## WORK TO COMPLETE
Your output should be the lines from the one containing "grandmother holding her" through the end of the listing, exact and inclusive, with no pictures.

## DATA BELOW

+===+

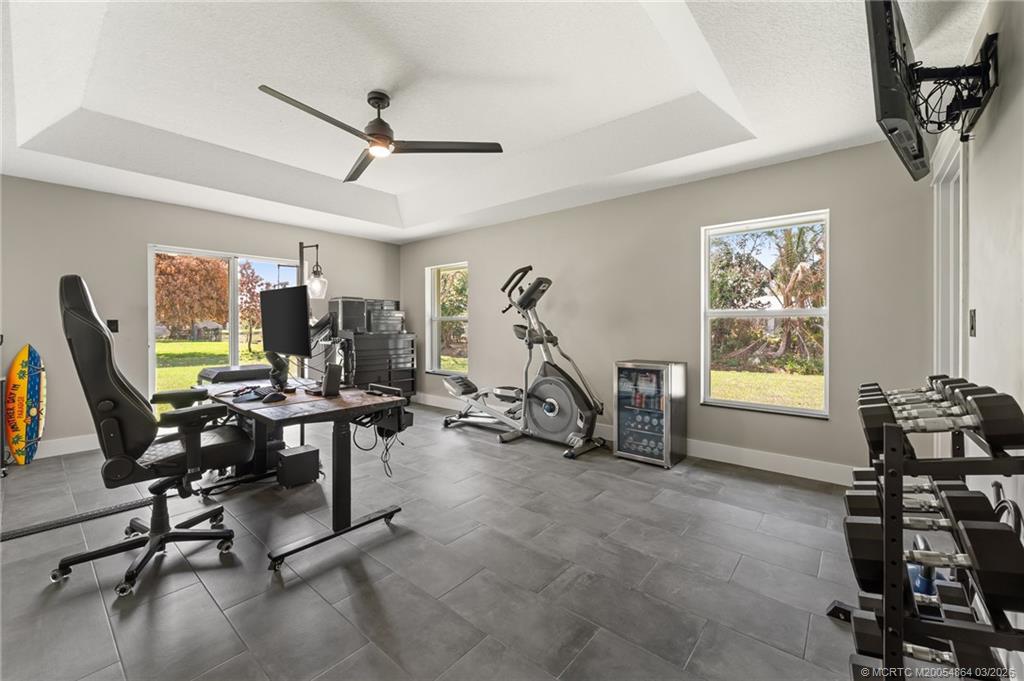 2072 Southeast Hanford Road Port St. Lucie, FL 34952 - Photo 34 of 58 a view of a workspace with furniture and a window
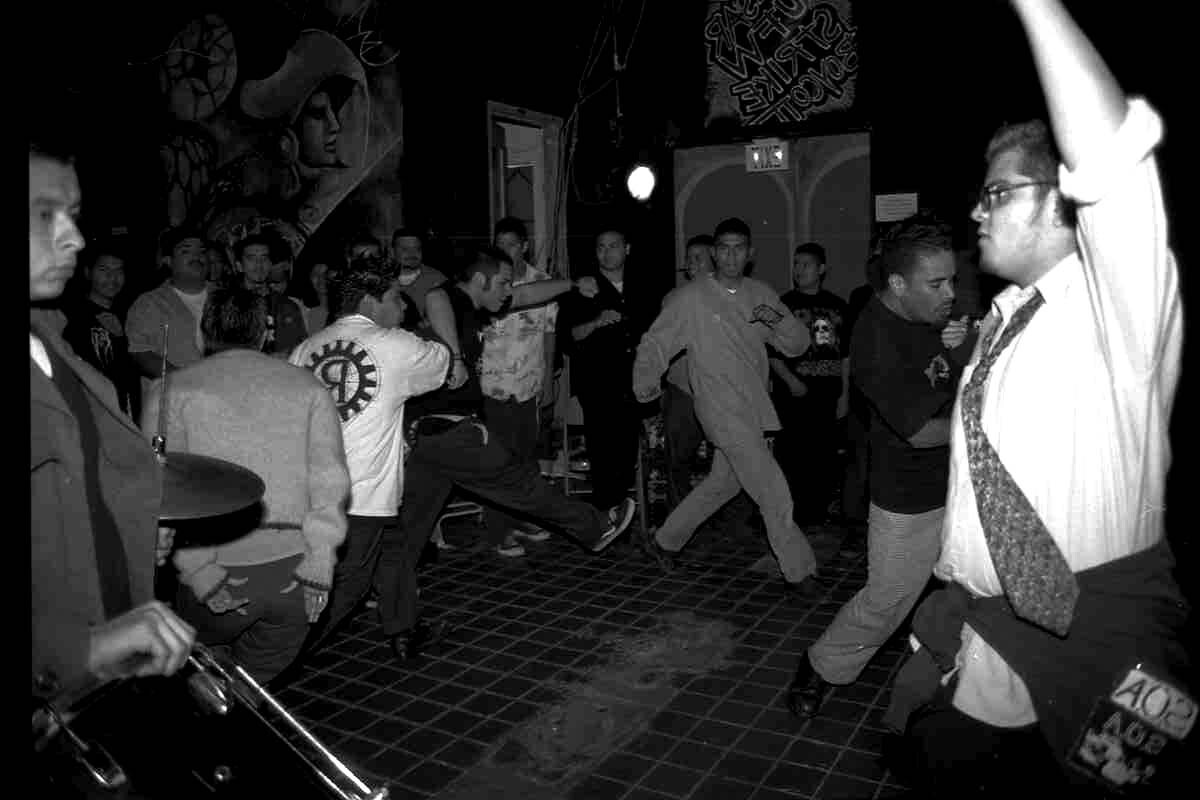 A gig, Aztlan Cultural Arts Foundation, black and white photo, 1999 | Sandra de la Loza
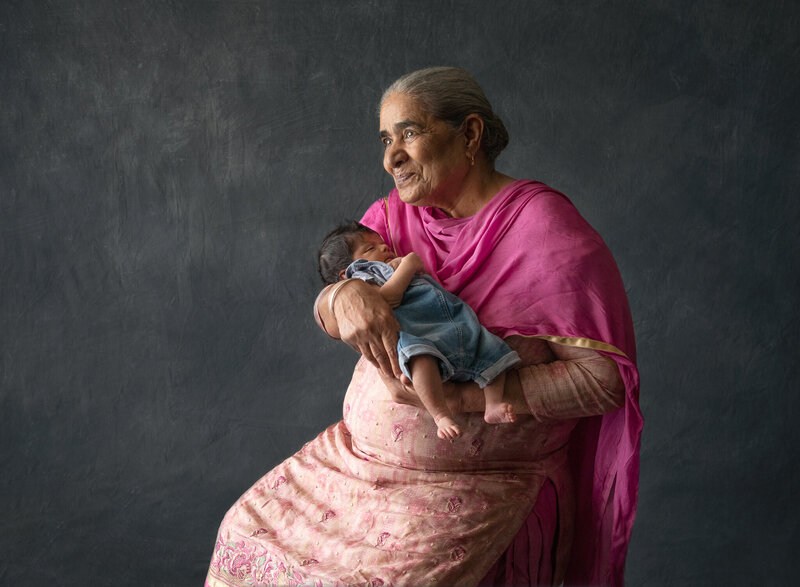  grandmother holding her grandson dressed in pink sari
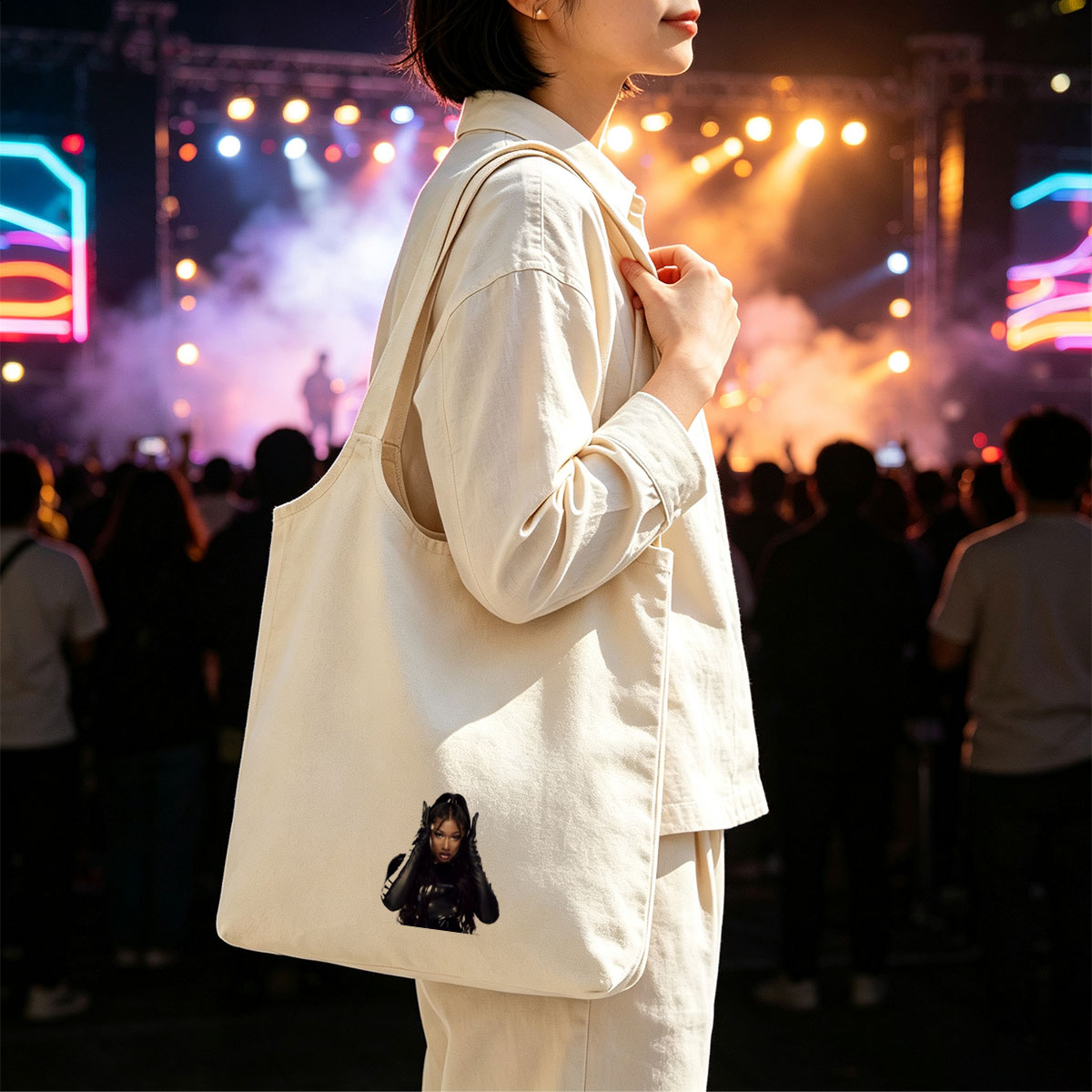 Megan Thee Stallion in a Bold Black Outfit with Hands on Head Against White Background - Canvas shoulder bags/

+===+

## SOLUTION
  grandmother holding her grandson dressed in pink sari
 Megan Thee Stallion in a Bold Black Outfit with Hands on Head Against White Background - Canvas shoulder bags/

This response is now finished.